## Exercise prompt:
Begin at the line containing "Орхидея фаленопсис отцветшие" in the entries below and end at the line containing "Gales Pond County Park"; transcribe that range exactly and nothing outside it.

## Information provided:

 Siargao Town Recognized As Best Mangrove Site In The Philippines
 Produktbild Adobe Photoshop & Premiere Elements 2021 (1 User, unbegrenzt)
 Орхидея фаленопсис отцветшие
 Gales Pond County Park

==

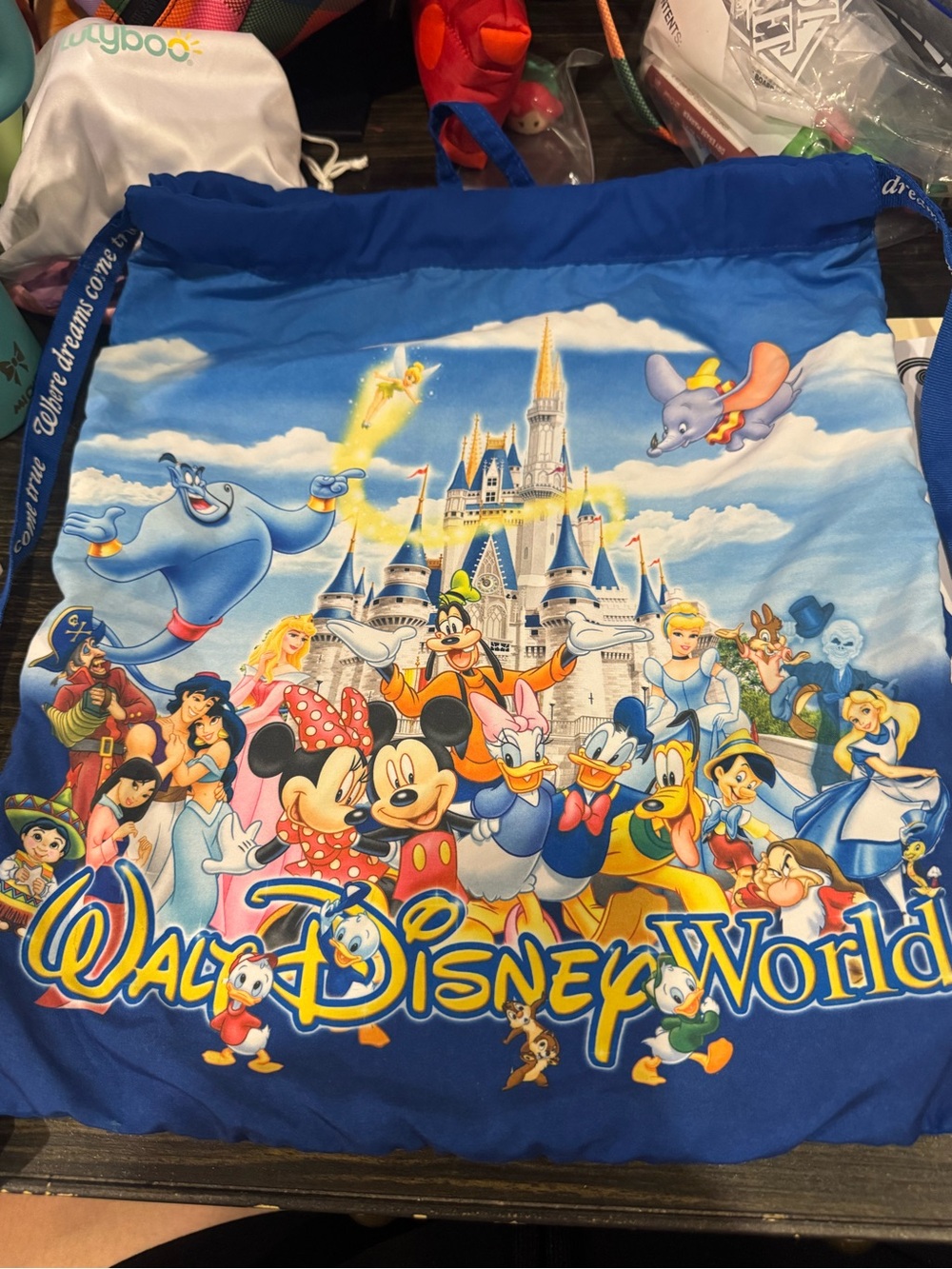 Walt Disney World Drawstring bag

## Expected output:
 Орхидея фаленопсис отцветшие
 Gales Pond County Park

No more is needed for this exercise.